They're the two monsters of the online-only brokerage business. Ameritrade, thanks in part to its TV ads featuring punk day trader Stewart, has 992,000 customers. The No. 1 player is E*Trade, which boasts 2.6 million customer accounts. As the dot-com shakeout continues, these two brokerages, thanks to their sheer mass, have the best chances for survival.

The difference between the two is very simple: money. E*Trade charges $14.95 for most trades, and Ameritrade charges $8 for market orders and an additional $5 for stop or limit orders. You get what you pay for when it comes to the slickness of design and depth of information. The key criterion, though, is ease of use. In that area, both sites perform favorably. It was never difficult to find information I needed, nor did I have to click through unnecessary interim pages to make a trade.

If cheap trades are what you're after, Ameritrade offers the basics, with no bells or blinking lights. For instance, the sum total of research that I could find that covered Microsoft was a news wire and a description page with the stock's basic statistics. Even the news wire wasn't monitored closely, since it took me two pages of clicking before I got to a Microsoft story.

TRADE-OFF.   When it comes to trading, however, Ameritrade doesn't disappoint. The company boasted in its second-quarter Securities & Exchange Commission filing that it has lowered its operating cost per trade to about $8.50. That means it's losing about 50 cents a trade, but it hopes to become profitable as its customer ranks grow.

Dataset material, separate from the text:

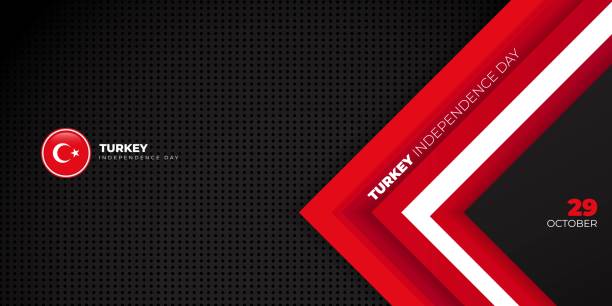 красно-белый геометрический на черном фоне дизайн. день независимости турции - tbl stock illustrations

The skimpiness of the site's offerings seem like a fair exchange for the cheap trades.

By contrast, E*Trade has an impressive site. Graphics are plentiful and the company offers multiple sources of information -- free -- that would cost an investor at most other online brokers. You can get news stories from TheStreet.com and MotleyFool.com, and selected research reports from some brokerages. Most notable are the free reports from Eoffering, E*Trade's in-house investment bank. Although it isn't a white-shoe Wall Street firm, the research is first-rate.

When it comes to making a trade, E*Trade's site is simple and quick: I was able to do so within three clicks. In the end, that's all you need from a brokerage site, and in this E*Trade excels. With so many customers and a higher price per trade, it's a wonder this company is still losing money.

SUPERMARKET.   You can't ignore another aspect of E*Trade, even though it has nothing to do with stocks. Right on the main screen, you can click onto the E*Trade Bank (formerly called Telebank) and do all of your banking from home. While many financial-services firms mouth support for so-called financial supermarkets, E*Trade is probably the closest to such a thing on the Web. You can trade stocks, open a bank account, obtain a credit card, buy insurance, and get an auto loan, all without leaving the E*Trade mothership. It's all relatively low cost and simple to navigate.

And now that E*Trade has created the holy grail, it only has to attract enough customers to make the whole operation profitable.